I wasn’t so much crying as doing that thing that men of my age do: use every muscle in our face to prevent the physical evidence of crying from actually appearing. Tear-free maybe, but my contorted features had given the game away. I may not have queued all day for a ticket, I may have a few gaps in my Kate Bush record collection, I may not (in fact, do not) own a Kate Bush poster or t-shirt or mug or keyring or have an embroidered cushion with her face on it; but my emotions caught me off guard as Kate sang ‘The Morning Fog’, very much a song where the loveliness is turned up to eleven.
It was a couple of minutes before I could compose myself enough to begin my frenzied search for the confetti. From that moment any sense of critical distance had gone (and what a nonsense to think like that in the first place). By the time young Jane arrived I was not so much the wry observer but the co-conspirator, feeding her tactics to ensure she got those flowers in Kate’s hands. Let’s call this: Operation Kate Must Get Jane’s Flowers (OKMGJF).
OKMGJF began with a sudden movement to the front of the stage at the beginning of the last song, Cloudbusting. I gave the command: “go, go now,” whilst John played a path-clearing role for Jane as he took the lead and the pair of them arrived right at the front of the stage. I was a little way back and thought the moment was lost as Kate said her goodbyes downstage centre, too far from where they were on the right.

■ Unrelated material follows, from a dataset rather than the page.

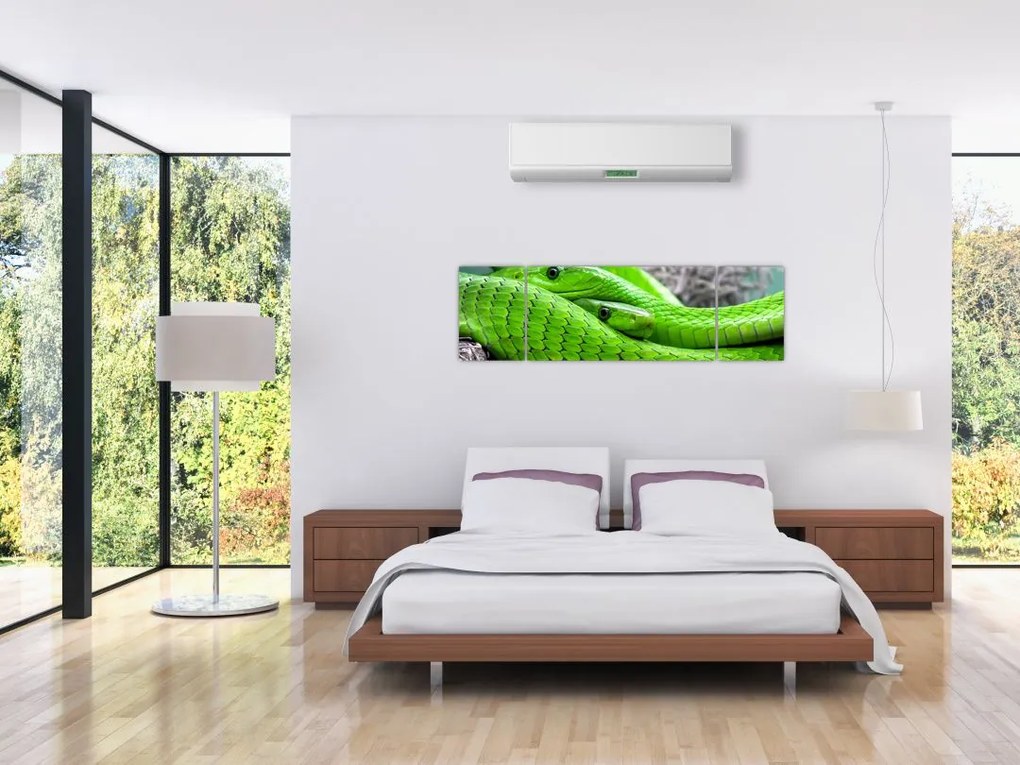 Obraz zielonych węży (170x50 cm)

But then, just as she was leaving the stage, I saw Kate reach down and reappear holding Jane’s Flowers aloft. OKMGJF had triumphed. As we exited, slightly dazed by the operation’s complete success, we all congratulated ourselves on a job well done but in the glare of the house lights we felt a sudden uncomfortableness and without any goodbyes we shuffled off.

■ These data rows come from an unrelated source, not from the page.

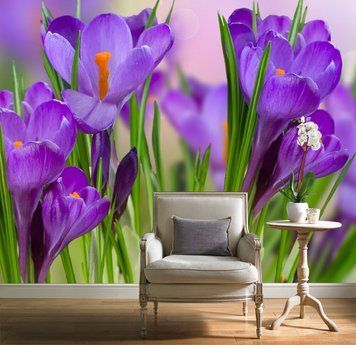 Crocusuri mov pe un fundal de iarbă verde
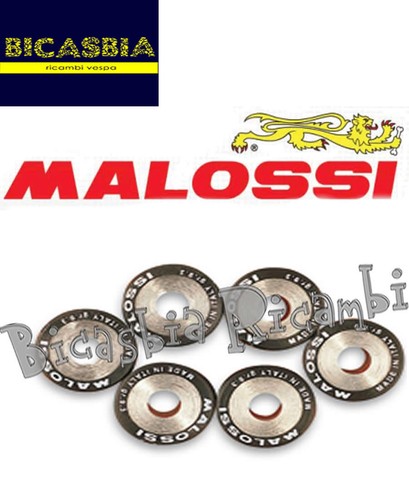 8321 malossi variator - 8321,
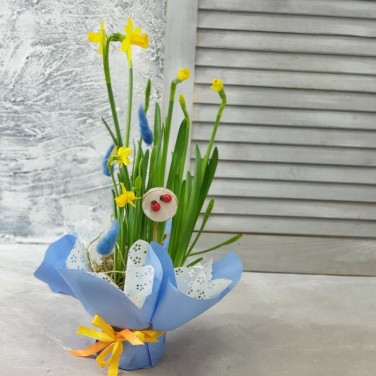 Нарцисс  в дизайнерской упаковке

I’ve always been slightly jealous of academic colleagues of mine whose research involves analysis of aspects of fan culture, particularly popular music fandom. By and large they seem to be talking about their own fandom and its associated behaviours and then make larger claims about the wider relevance of such practices (in relation to issues of gender, race, politics, capitalism etc.). Their starting point, whether they foreground it in their writing or not, are the moments of pleasure they feel in enacting their fandom. Such starting points involve the sensory: hearing the music, pushing your way to the bar at a gig, having Sally reassuringly touch your arm. They also involve habits and routines that are to a degree, pre-cognitive. My own habits usually relate to a set of movements of the body designed to suppress outward expressions of enjoyment (there’s maybe a slight tapping of the foot).
My point here is that whilst popular music studies is having a great time as it goes to gigs, scrambles around on the floor for confetti and writes research papers, over in other aspects of culture it’s all po-faced seriousness and not a tear in sight.
It’s not uncommon to find the researcher as participant in ethnographic studies of alternative media or community journalism but it’s harder to find the sensory discussed at all. It’s a discussion of texts or networks that tends to dominate. Yet when I undertake community journalism where I live (in Bournville in the UK), it’s the sensory aspects that dominate. The smell of chocolate permeates the air, it’s in your nostrils reminding you of everything from the lived experiences of the factory workers to the threat to the very future of the smell as a result of Cadbury’s takeover by Kraft.
As Sara Cohen’s excellent 1993 essay reminds us, popular music “is human activity involving social relationships, identities and collective practices”. So is journalism. Cohen’s interests are like mine, an interest in “practices and processes rather than upon structures, texts or products.”
So my trip to see Kate Bush ultimately made me think about the sensory encounters we have as researchers with the practices we feel passionate about. Bound up in the sensory are emotions, and too often we use the language of research or the methodological traditions of our subject domains to do as I do and contort ourselves rather that let our real feelings show.